Il Premio Oscar Gabriele Salvatores al Giffoni Film Festival ripercorre i 35 anni della sua carriera cinematografica. «La settima arte è una cosa assolutamente seria. La magia che molti associano giustamente a questo universo non esisterebbe senza il piglio puntuale con cui andrebbe ciclicamente affrontato. Spesso lo consideriamo solo un mezzo con cui raccontare un gesto falsato come quello della recitazione, senza sapere che nell’atto della creazione filmica si ripropongono una serie di infinite realtà assolutamente fondanti e degne di valore».
Mostro sacro del cinema contemporaneo e padre di lungometraggi trasformatesi in veri oggetti di culto, Salvatores in questo periodo è impegnato nella lavorazione del sequel del film “Il ragazzo invisibile”, un lavoro premiato con diversi e riconoscimenti, tra questi un David di Donatello per i Migliori effetti speciali e due Nastri d’Argento come Migliore soggetto e Miglior casting director.

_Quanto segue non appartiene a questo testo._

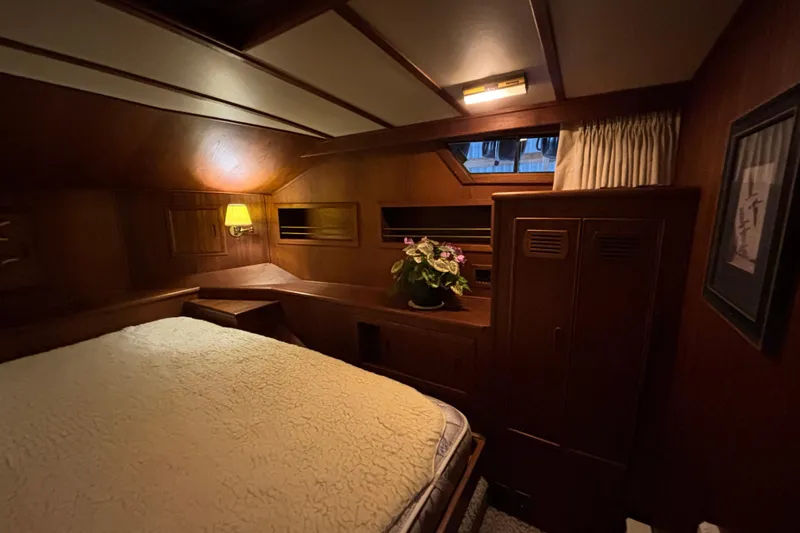 Encore II Yacht Photos Pics Master stateroom and storage to starboard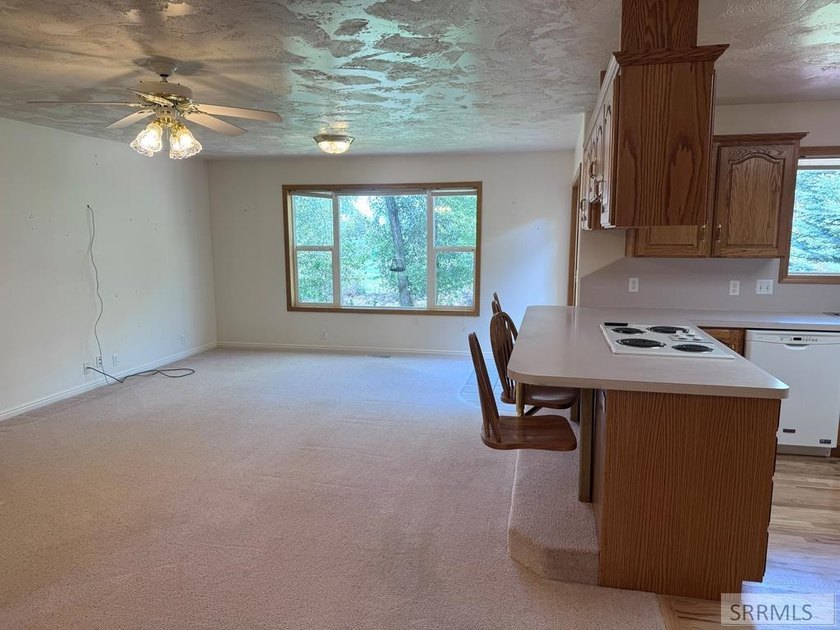 LOCATION LOCATION with water views!!!! This beautifully designed - photo 20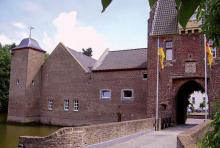 Burg Heimerzheim: Eine Wasserburganlage aus dem 13. Jhd. (Foto: Norbert Schmidt)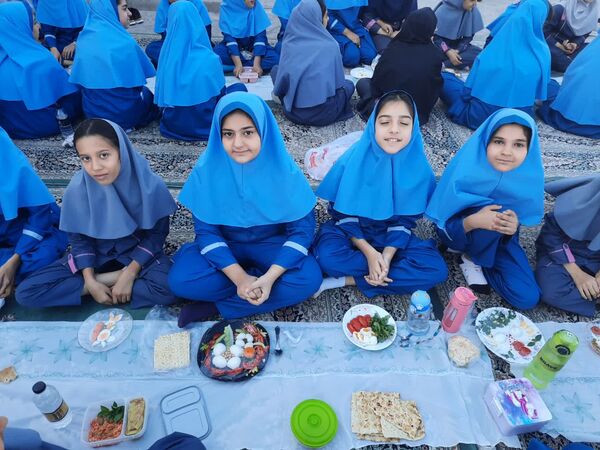 تخم مرغ، قهرمان کوچک سفره‌ها: جشنواره‌ای پرنشاط در دبستان دخترانه ام البنین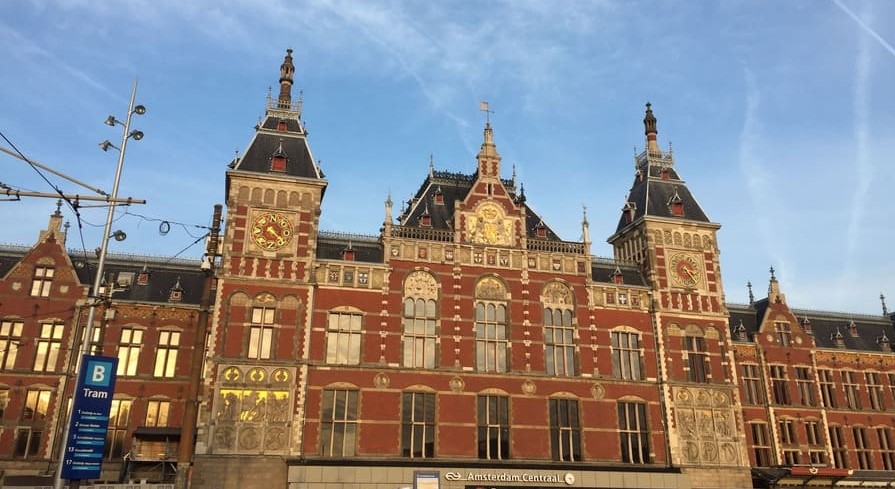 Roteiro de 3 dias em Amsterdã - acesso à estação central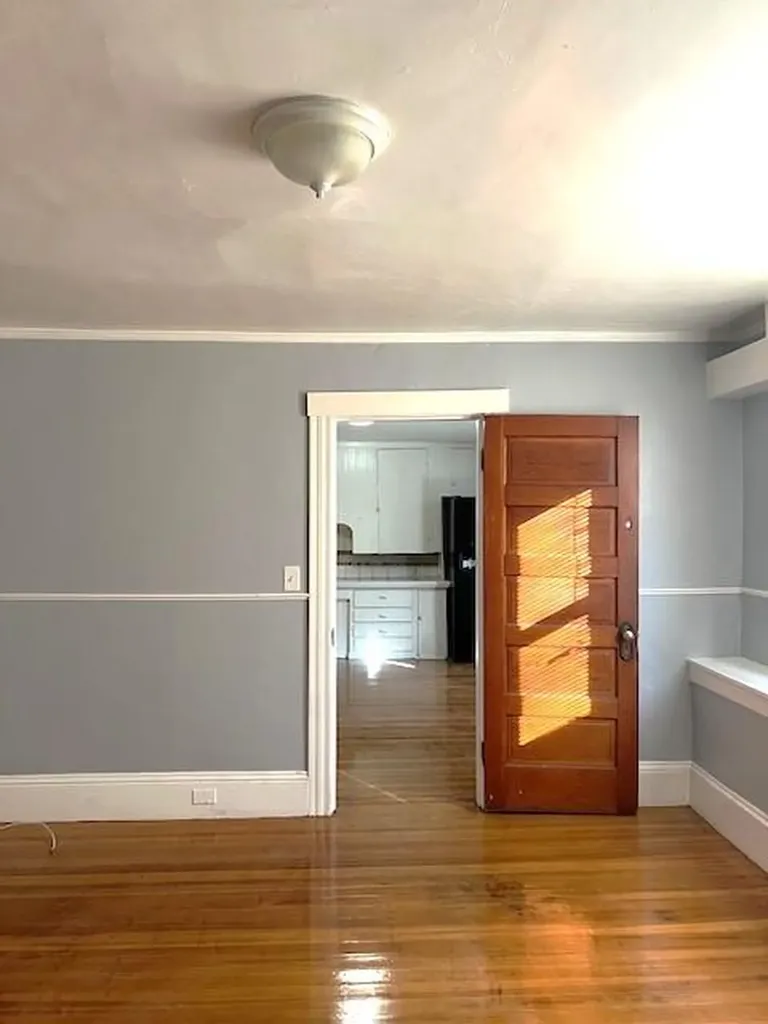 346 Carrington Avenue Woonsocket RI 02895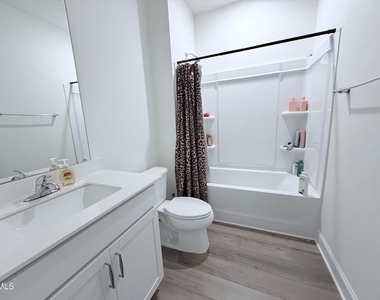 468 Winding Creek Drive - Photo Thumbnail 12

«Il secondo appuntamento della creatura realizzata tre anni fa si inserisce perfettamente nel solco di un genere fantascientifico che in parte ha avuto inizio con la realizzazione di Nirvana nel 1996. Rispetto a vent’anni fa, però, sono cambiate molte cose: in quei giorni non si conoscevano le reali potenzialità della rete e della tecnologia. Nonostante lo scarto con il passato l’approccio alla fantascienza mi risulta abbastanza naturale, essendo uno dei generi che porto con me fin da quando esordì all’interno del mondo teatrale. A questo va aggiunto il super lavoro di post produzione che il film ci sta comportando, visto che saranno presenti circa 700 interventi digitali capaci addirittura di creare dal nulla ambientazioni, scenografie e personaggi».
Sempre sul sequel de “Il ragazzo invisibile”, in uscita a gennaio 2018, il regista racconta le ragioni che lo hanno spinto a tornare per la seconda volta sul medesimo filone narrativo: «Anche in questo secondo lavoro ho deciso di lasciare ampio spazio al magico potere dell’invisibilità. Non è stata una scelta casuale, ma bensì la risposta al grande male dell’iper presenziassimo dei nostri tempi. Spesso, soprattutto tra i ragazzi, ho avuto la sensazione che si finisca con il considerare un’esistenza solo se riflessa all’interno del web. Quest’idea mi spaventa enormemente e ho scelto di riflettere sulla questione a modo mio».